Poet Slaughter took home the Manchester Poetry Prize, and Yee was awarded the Manchester Fiction Prize at a gala awards ceremony on Friday evening (8th December). Each winner receives £10,000 prize money from the Manchester Writing School at Manchester Metropolitan University.
The two awards were presented by former Poet Laureate and current creative director of Manchester Writing School Professor Carol Ann Duffy, who set up the competition in 2008 to celebrate Manchester as an international city of writers, find diverse new voices and create opportunities for writer development.

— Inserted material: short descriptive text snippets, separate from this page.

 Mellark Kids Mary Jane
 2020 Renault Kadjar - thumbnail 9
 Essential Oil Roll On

Slaughter’s portfolio of poems opioid sonatas centred around a car accident and was praised by judges for having a “forceful, luminous brilliance” and a “complexity which reveals itself over multiple readings”.
A writer of poetry, fiction and personal essays, Slaughter is from New Zealand and teaches Creative Writing at the University of Waikato where she edits literary journals Mayhem and Poetry Aotearoa.

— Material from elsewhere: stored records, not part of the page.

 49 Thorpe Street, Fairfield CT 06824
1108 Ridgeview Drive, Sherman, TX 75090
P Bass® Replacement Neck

Yee’s short story "Still Blue Thing" explores themes of pregnancy, cancer, loss and childhood memories.
Former journalist Yee has reported in more than a dozen countries before moving to London where she has served as editor-in-residence at The Georgia Review, and a Refugee Journalism Project mentor. Her poetry, fiction and essays have previously won or been listed for Best of the Net, The Best American Essays, the Ivan Juritz Prize and the Manchester Poetry Prize.